Jamie and John are brother and sister. One day at school John’s friends start mercilessly teasing Jamie, and John doesn’t say a thing in her defense, but laughs along with them. Jamie is hurt by the teasing, and even more hurt because her brother didn’t stand up for her.
So now a few things have happened. Jamie’s feelings have been hurt and the brother/sister relationship has a breach. By encouraging John to immediately apologize and Jamie to forgive, without working through this situation, you’d be encouraging
Jamie to stuff her feelings and move on. And you’d be teaching John that a few words lets you off the hook.
This may mean John never gets a chance to feel remorseful and make amends. And that Jamie says “I forgive you,” but deep down holds a grudge. Because grudges aren’t always from a refusal to forgive, but often from unresolved feelings.
Forgiveness is a process that should not be rushed.
It’s the injured party who should forgive. There’s a great quote about unforgiveness I want to reference here, because I don’t want anyone to think I support holding grudges.
By teaching our children to go to their sibling right after they’ve hurt them and say, “I was wrong, please forgive me,” you’re putting pressure on the other child to reach a point in the forgiveness process they may not be at. There should be time to release their feelings, not stuff them in their emotional basement .
Forgiveness must come.

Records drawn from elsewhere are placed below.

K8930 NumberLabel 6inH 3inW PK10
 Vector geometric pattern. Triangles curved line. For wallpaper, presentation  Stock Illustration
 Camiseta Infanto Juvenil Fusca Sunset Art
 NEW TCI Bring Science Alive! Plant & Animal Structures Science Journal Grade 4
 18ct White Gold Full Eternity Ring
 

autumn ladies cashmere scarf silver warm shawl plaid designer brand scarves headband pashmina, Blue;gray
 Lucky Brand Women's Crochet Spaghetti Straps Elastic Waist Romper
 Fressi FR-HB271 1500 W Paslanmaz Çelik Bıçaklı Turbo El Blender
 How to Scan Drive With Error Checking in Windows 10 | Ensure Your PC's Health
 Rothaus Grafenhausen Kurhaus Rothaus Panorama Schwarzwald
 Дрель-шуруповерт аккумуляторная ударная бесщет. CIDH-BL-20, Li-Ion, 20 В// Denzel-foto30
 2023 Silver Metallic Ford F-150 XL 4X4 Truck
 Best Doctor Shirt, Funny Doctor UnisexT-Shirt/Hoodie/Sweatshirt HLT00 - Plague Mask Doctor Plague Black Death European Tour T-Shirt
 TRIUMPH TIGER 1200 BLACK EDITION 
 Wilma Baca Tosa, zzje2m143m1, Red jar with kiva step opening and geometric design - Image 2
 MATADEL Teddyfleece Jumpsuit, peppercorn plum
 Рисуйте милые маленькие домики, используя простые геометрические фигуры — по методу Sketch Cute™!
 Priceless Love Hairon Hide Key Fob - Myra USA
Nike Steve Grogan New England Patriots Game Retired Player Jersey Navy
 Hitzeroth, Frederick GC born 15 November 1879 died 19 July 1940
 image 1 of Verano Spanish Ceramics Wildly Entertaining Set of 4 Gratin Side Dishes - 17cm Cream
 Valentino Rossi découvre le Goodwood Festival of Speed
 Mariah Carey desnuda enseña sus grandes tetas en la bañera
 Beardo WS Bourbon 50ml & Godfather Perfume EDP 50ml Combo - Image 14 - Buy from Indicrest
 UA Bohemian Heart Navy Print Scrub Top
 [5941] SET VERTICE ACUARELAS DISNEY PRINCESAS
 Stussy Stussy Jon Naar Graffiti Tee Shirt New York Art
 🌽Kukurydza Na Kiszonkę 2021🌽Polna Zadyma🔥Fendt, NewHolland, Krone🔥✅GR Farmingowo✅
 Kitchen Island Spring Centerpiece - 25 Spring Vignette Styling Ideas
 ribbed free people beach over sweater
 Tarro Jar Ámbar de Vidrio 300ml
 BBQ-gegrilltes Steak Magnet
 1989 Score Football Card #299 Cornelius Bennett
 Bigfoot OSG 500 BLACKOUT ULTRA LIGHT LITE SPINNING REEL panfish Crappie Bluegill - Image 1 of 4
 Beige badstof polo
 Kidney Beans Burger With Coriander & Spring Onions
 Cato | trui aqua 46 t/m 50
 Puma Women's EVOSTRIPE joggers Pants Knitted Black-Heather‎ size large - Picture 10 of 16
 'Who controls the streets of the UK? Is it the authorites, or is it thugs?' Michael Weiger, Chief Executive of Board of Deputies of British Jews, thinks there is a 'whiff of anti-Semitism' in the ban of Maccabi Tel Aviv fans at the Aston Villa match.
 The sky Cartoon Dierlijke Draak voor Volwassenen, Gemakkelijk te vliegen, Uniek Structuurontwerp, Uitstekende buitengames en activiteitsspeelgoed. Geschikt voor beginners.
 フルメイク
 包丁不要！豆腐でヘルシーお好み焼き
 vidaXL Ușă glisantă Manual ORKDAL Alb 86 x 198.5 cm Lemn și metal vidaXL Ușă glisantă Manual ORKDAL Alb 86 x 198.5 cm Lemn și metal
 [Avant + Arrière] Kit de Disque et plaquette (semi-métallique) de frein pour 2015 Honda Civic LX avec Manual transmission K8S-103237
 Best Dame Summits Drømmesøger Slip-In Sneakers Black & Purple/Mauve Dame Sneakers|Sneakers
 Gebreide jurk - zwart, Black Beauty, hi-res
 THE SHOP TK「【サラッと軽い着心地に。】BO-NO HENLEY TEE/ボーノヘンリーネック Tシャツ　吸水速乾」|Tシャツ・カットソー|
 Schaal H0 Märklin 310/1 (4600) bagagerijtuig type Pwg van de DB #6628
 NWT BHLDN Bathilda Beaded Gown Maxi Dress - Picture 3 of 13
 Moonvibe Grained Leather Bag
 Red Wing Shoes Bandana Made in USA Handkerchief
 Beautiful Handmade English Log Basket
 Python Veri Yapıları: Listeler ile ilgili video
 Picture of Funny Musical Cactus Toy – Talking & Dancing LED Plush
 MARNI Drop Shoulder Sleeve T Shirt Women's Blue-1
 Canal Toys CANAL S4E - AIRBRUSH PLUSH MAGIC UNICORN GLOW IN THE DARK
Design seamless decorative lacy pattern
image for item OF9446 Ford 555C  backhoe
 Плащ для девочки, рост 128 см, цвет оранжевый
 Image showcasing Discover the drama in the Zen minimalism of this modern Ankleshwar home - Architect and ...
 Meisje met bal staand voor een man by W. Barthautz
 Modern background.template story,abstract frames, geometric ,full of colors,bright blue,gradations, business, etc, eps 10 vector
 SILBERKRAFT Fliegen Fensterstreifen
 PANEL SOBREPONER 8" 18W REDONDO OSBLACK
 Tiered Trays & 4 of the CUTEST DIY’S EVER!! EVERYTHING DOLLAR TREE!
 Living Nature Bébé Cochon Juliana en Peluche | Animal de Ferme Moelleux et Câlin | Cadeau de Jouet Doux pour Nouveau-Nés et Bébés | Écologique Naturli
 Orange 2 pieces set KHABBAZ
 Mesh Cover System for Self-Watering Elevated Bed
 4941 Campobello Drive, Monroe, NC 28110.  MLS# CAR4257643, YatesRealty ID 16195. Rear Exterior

Not because someone asked for it, but because it’s the right thing to do.
If Jamie is made to “forgive” before she’s ready it will be false. She may not have actually forgiven and might even feel more resentment towards her brother because she’s supposed to just be “over it.” Nor will John have learned that real life consequences exist when you hurt another person.
Saying you forgive someone is not the same as forgiving someone.
If our children learn that saying, “I forgive you” is all that forgiveness is, they are deceived. Though forgiveness is a freeing action it can be extremely difficult. Oh sure, a kick from a brother, a small white lie, one sibling taking something without asking… these aren’t major heartaches.
Some things can be forgiven quickly and there is no need to dwell on it. Still, a child must engage with what’s happened and then choose to release that person. That is forgiveness. But they won’t do that if your house rule puts them on the spot to respond to the “guilty” sibling with “I forgive you.”
Forgiveness is a gift.
Forgiveness is a must for us, for our own benefit and well-being. But, to the person who receives the forgiveness, it’s a gift. Would you go up to another person and say, “Excuse me, I just drove your bike into a wall for fun. Will you hurry up and fix it so I can ride it again?”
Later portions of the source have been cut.